> _About this task_
No pictures, please: print exactly the lines from the one that contains "边缘计算中的隐私保护AI，完美解释了云原生技术演进" through the last line of the listing.
Data extract Start Marker
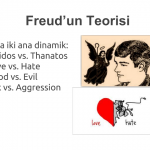 Freud'un Teorisi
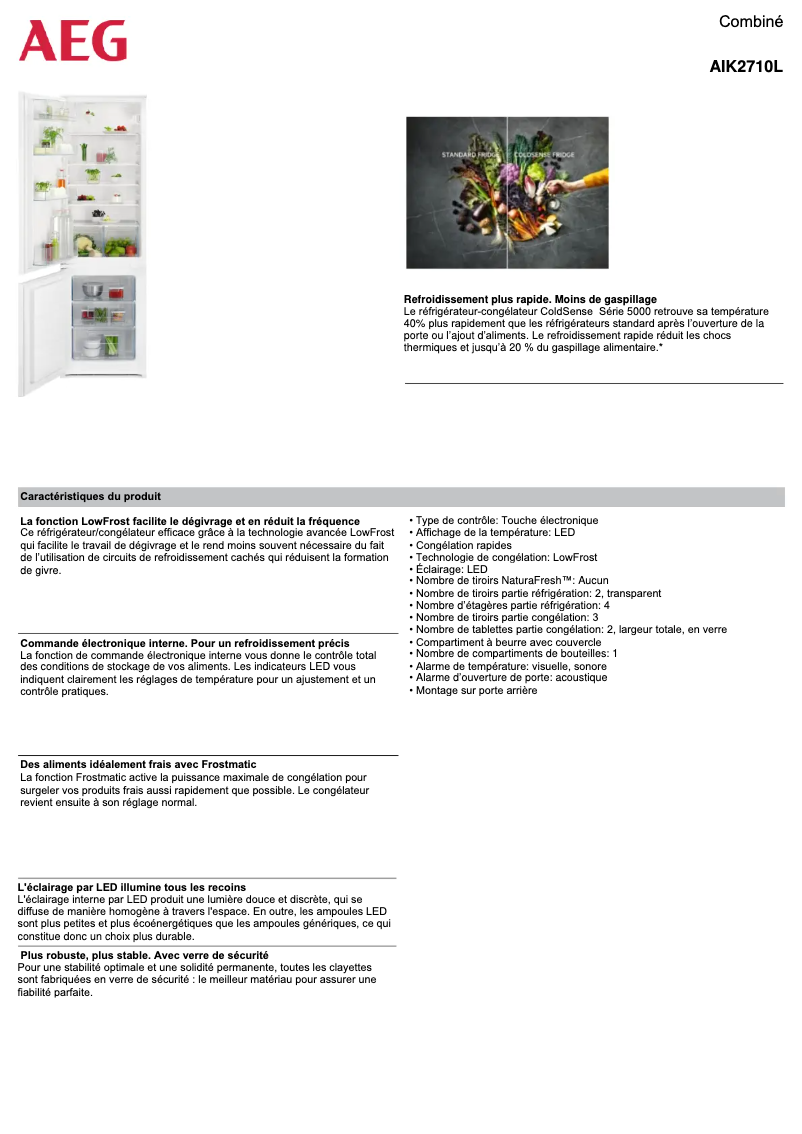 Página 1 del manual Ficha técnica AEG AIK2710L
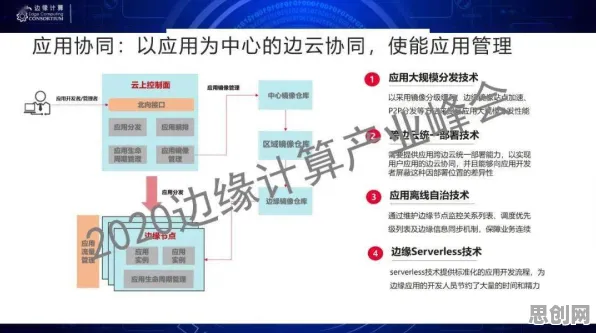 边缘计算中的隐私保护AI，完美解释了云原生技术演进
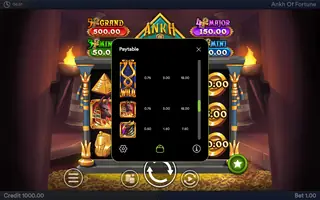 Ankh of Fortune Hold+Win – Paytable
Data extract End Marker
> _Response_
 边缘计算中的隐私保护AI，完美解释了云原生技术演进
 Ankh of Fortune Hold+Win – Paytable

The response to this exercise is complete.